International observers said gunmen stopped them examining the site properly when they got there on Friday. More than half of the victims were Dutch in what has become a pivotal incident in deteriorating relations between Russia and the West.
Obama ruled out military intervention.
Russia, which Obama said was letting the rebels bring in weapons, has expressed anger at implications it was to blame, saying people should not prejudge the outcome of an inquiry. The rebels have said Ukrainian government forces downed the plane.
The United Nations said 80 children were aboard. The deadliest attack on a commercial airliner, follows the disappearance of flight MH370 in March with 239 passengers.
Makeshift white flags marked where bodies lay in corn fields and among the debris. Others, stripped bare by the force of the crash, had been covered by polythene sheeting weighed down by stones, one marked with a flower in remembrance.
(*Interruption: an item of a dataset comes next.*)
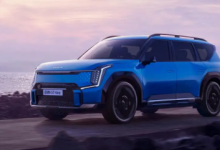 新的 2023 起亚 EV9 获得高性能 GT 变体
One pensioner said a woman smashed though her roof. "There was a howling noise and everything started to rattle. Then objects started falling out of the sky," said Irina Tipunova, 65. "And then I heard a roar and she landed in the kitchen."
The scale of the disaster could prove a turning point for international pressure to resolve the crisis in Ukraine, which has killed hundreds since pro-Western protests toppled the Moscow-backed president in Kiev in February and Russia annexed the Crimea peninsula a month later.
"This outrageous event underscores that it is time for peace and security to be restored in Ukraine," Obama said, adding that Russia had failed to use its influence to curb rebel violence.
While the West has imposed sanctions on Russia over Ukraine, the United States has been more aggressive than the European Union. Analysts say the response of Germany and other EU powers to the incident - possibly imposing more sanctions - could be crucial in deciding the next phase of the standoff with Moscow.
Some commentators even recalled Germany's sinking of the Atlantic liner Lusitania in 1915, which helped push the United States into World War One, but outrage in the West at Thursday's carnage is not seen as leading to military intervention.
The U.N. Security Council called for a "full, thorough and independent international investigation" into the downing of the plane and "appropriate accountability" for those responsible.
German Chancellor Angela Merkel said it was too early to decide on further sanctions before it was known exactly what had happened to the plane. Britain took a similar line but later echoed Obama in pointing the finger at the separatists.
Kiev and Moscow immediately blamed each other for the disaster, triggering a new phase in their propaganda war.